→ **Activity**:
All of the data, except its images, should be set down exactly as it appears.

Top of Given data

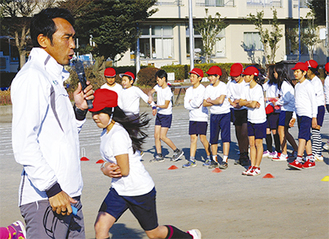 高野さんの指導で校庭を走る児童たち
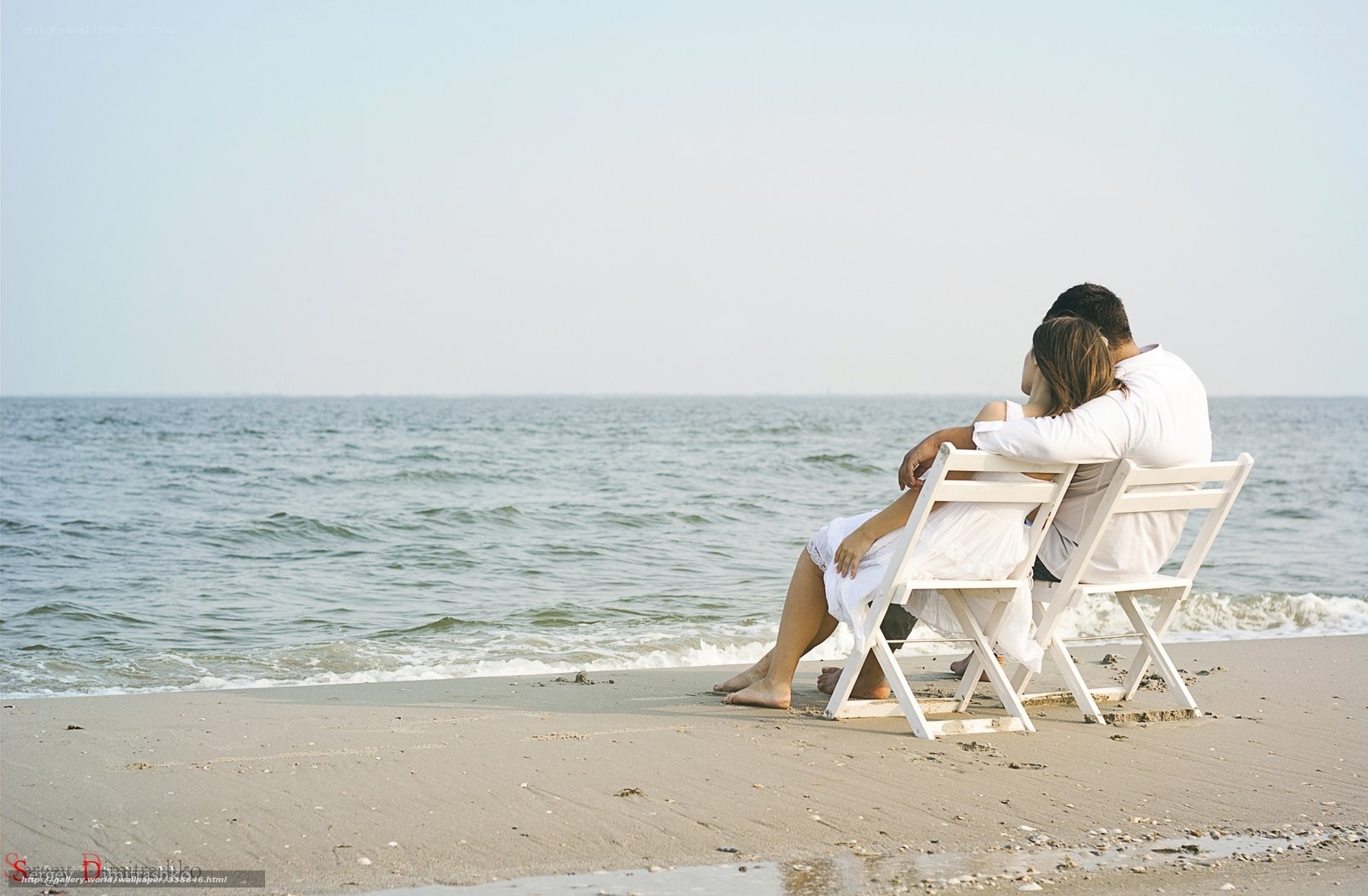 Couple on beach at sunset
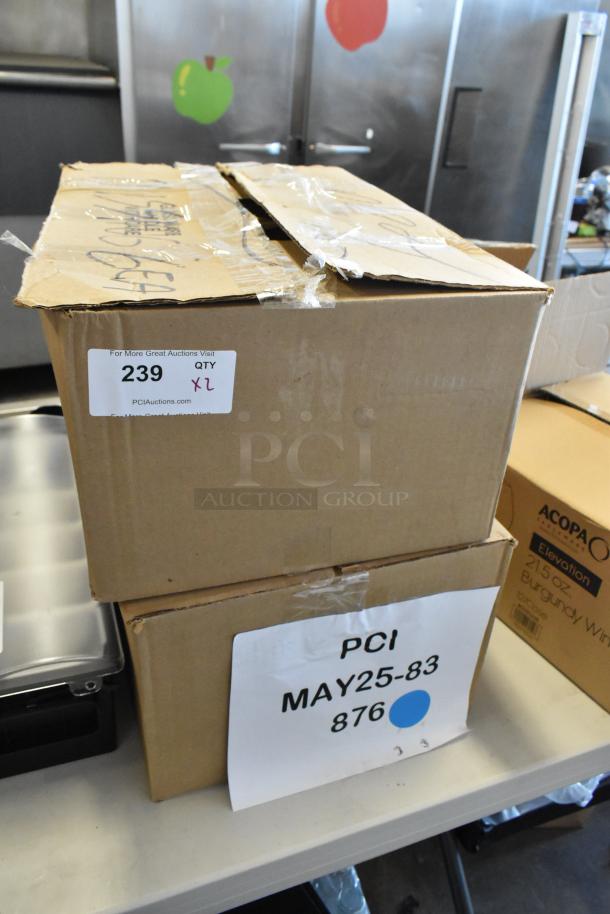 Two cardboard boxes with visible labels. Top box labeled "239 QTY x2," lower box with "PCI MAY25-83 876." Boxes show signs of wear.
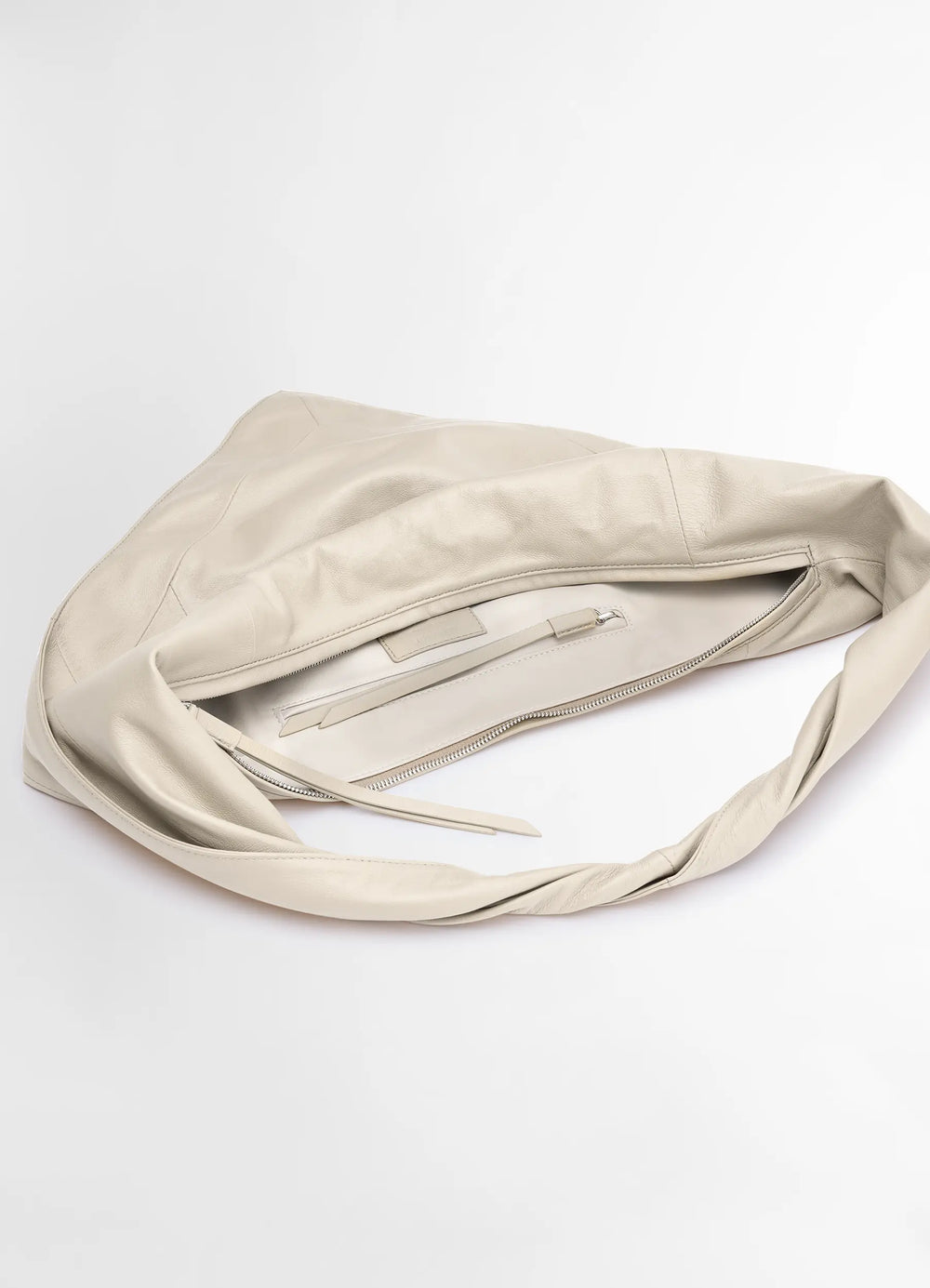 Lemaire Scarf Bag Small in Smooth Nappa Leather, product shot, top angle view open interior zipper detail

Bottom of Given data

→ **Response to this task**:
 高野さんの指導で校庭を走る児童たち
 Couple on beach at sunset
 Two cardboard boxes with visible labels. Top box labeled "239 QTY x2," lower box with "PCI MAY25-83 876." Boxes show signs of wear.
 Lemaire Scarf Bag Small in Smooth Nappa Leather, product shot, top angle view open interior zipper detail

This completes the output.